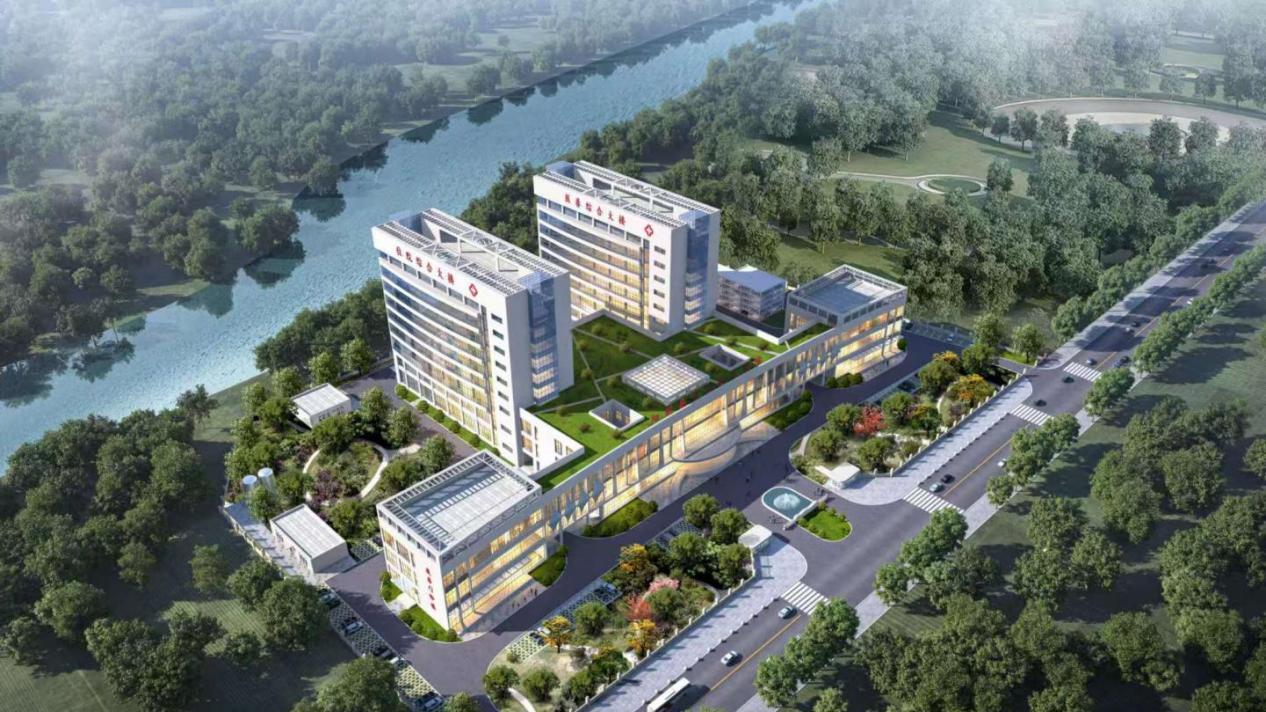 阳新县滨江新区医院建设项目主体结构顺利封顶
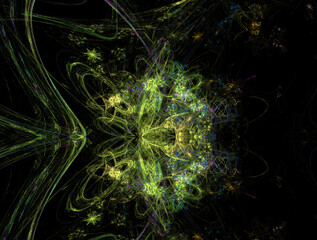 Imaginatory fractal abstract background Image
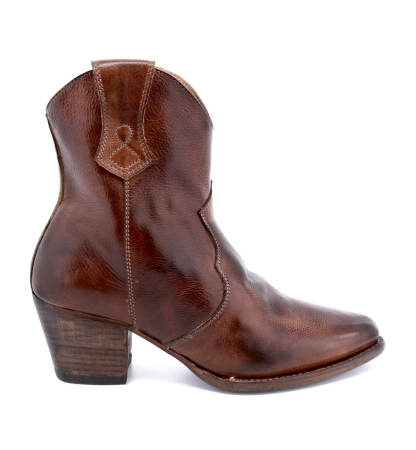 Leather boots side zipper knight boots thick high heel women's shoes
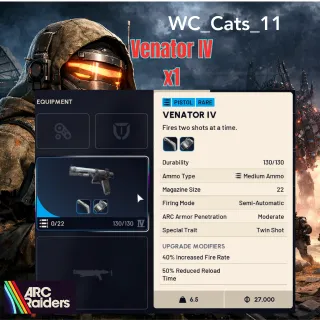 Venator x1 - With Attachments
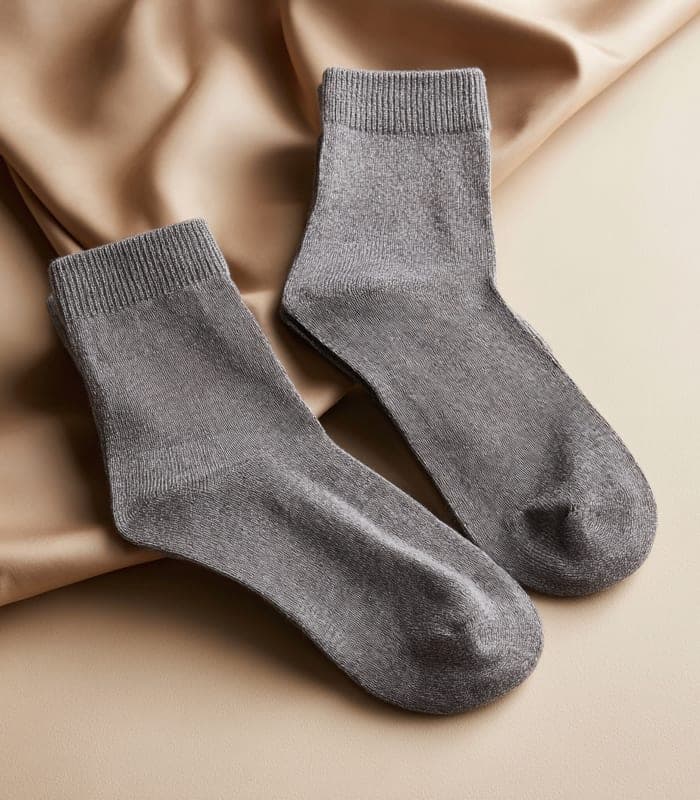 Urban Minimalist Cashmere Blend Socks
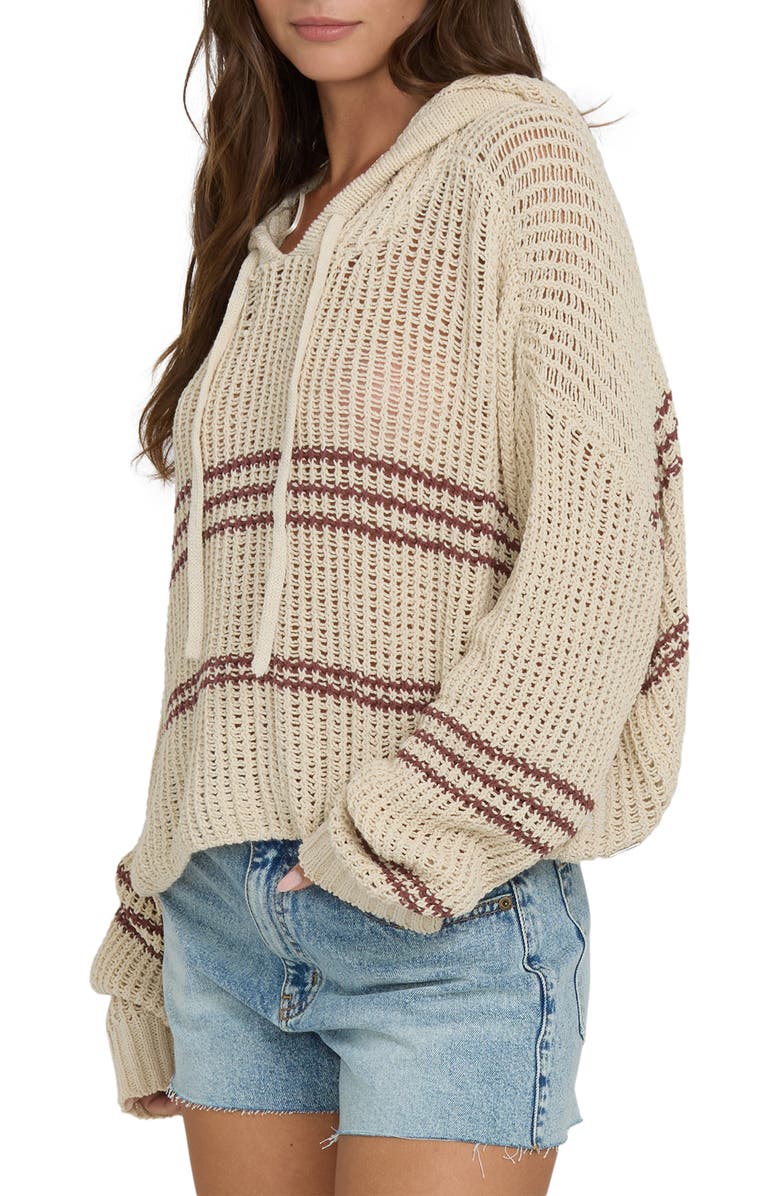 Billabong Dawn Sweater Hoodie, Alternate, color, White Cap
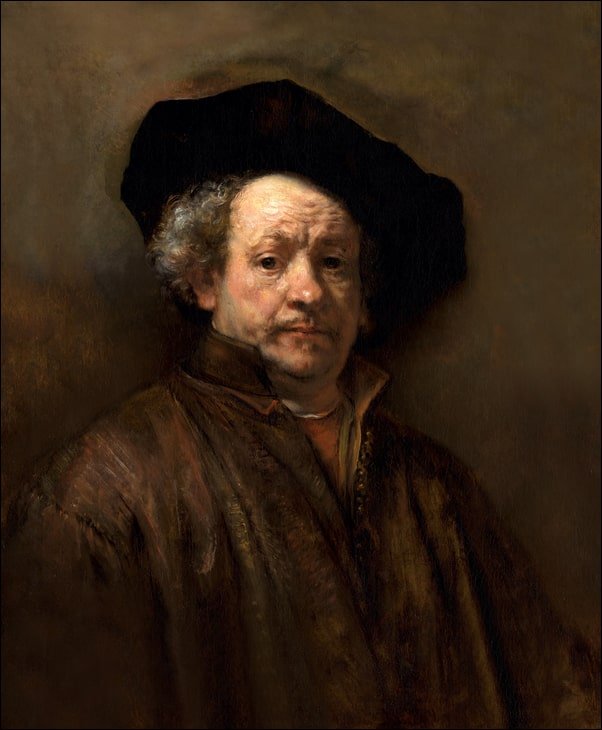 Galeria Plakatu, Plakat, Self Portrait, Rembrandt, 70x100 cm
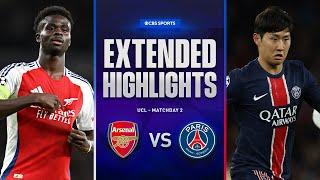 Arsenal vs. PSG: Extended Highlights | UCL League Phase MD 2 | CBS Sports Golazo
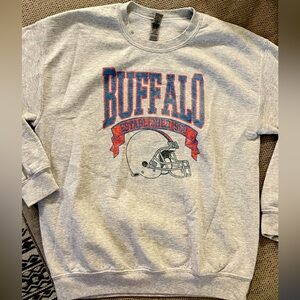 Vintage Look Buffalo Bills Sweater Football (size medium)
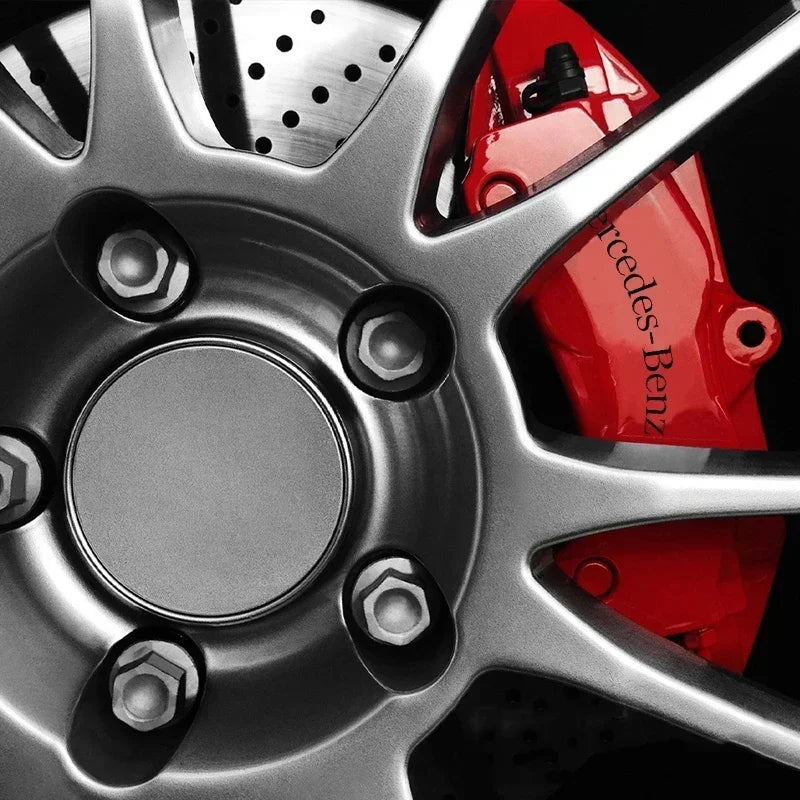 Car Brake Caliper Sticker Decal for Mercedes Benz W166 W212 W213 W246 W176 W177 W205 C180 C63 W167 A B C E Class GLE Decoration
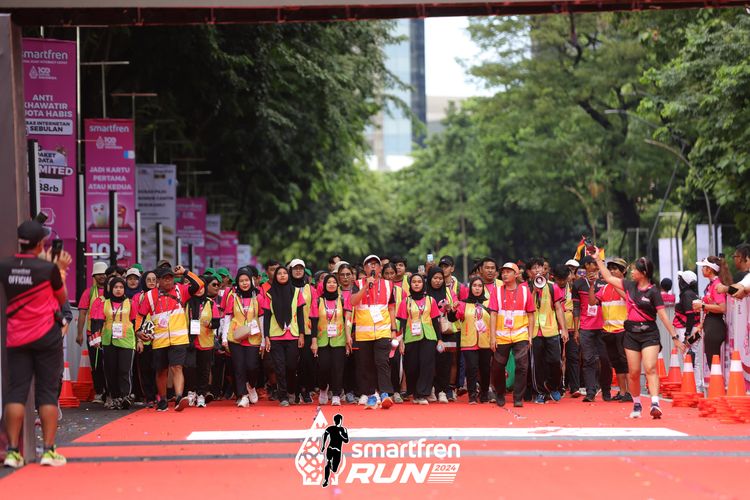Race photo from Smartfren Run 2024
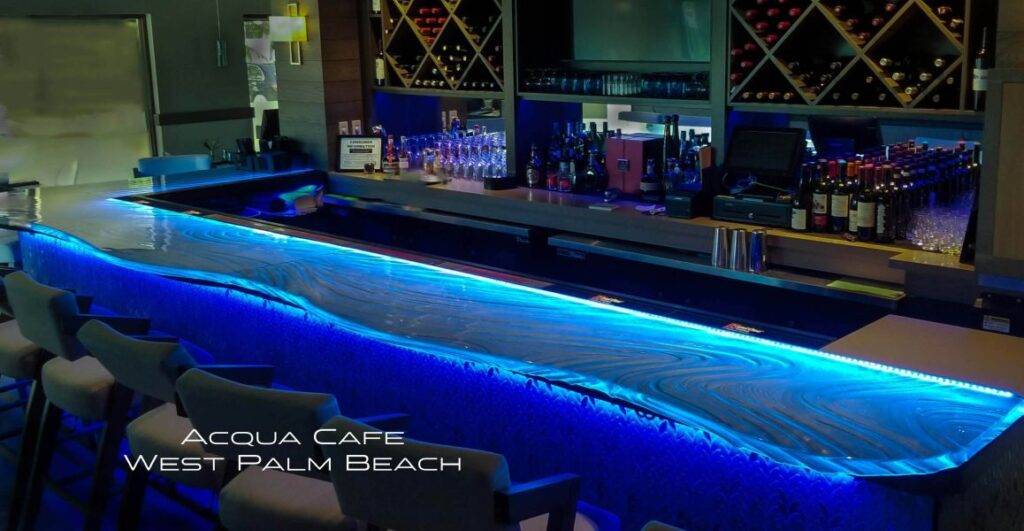 Glass countertops LED bar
--------------------------------
- Aim of the task
Output only the lines running from the one containing "Urban Minimalist Cashmere Blend Socks" to the end of the records, inclusive and exact; skip the pictures.

- Task result
 Urban Minimalist Cashmere Blend Socks
 Billabong Dawn Sweater Hoodie, Alternate, color, White Cap
 Galeria Plakatu, Plakat, Self Portrait, Rembrandt, 70x100 cm
 Arsenal vs. PSG: Extended Highlights | UCL League Phase MD 2 | CBS Sports Golazo
 Vintage Look Buffalo Bills Sweater Football (size medium)
 Car Brake Caliper Sticker Decal for Mercedes Benz W166 W212 W213 W246 W176 W177 W205 C180 C63 W167 A B C E Class GLE Decoration
Race photo from Smartfren Run 2024
 Glass countertops LED bar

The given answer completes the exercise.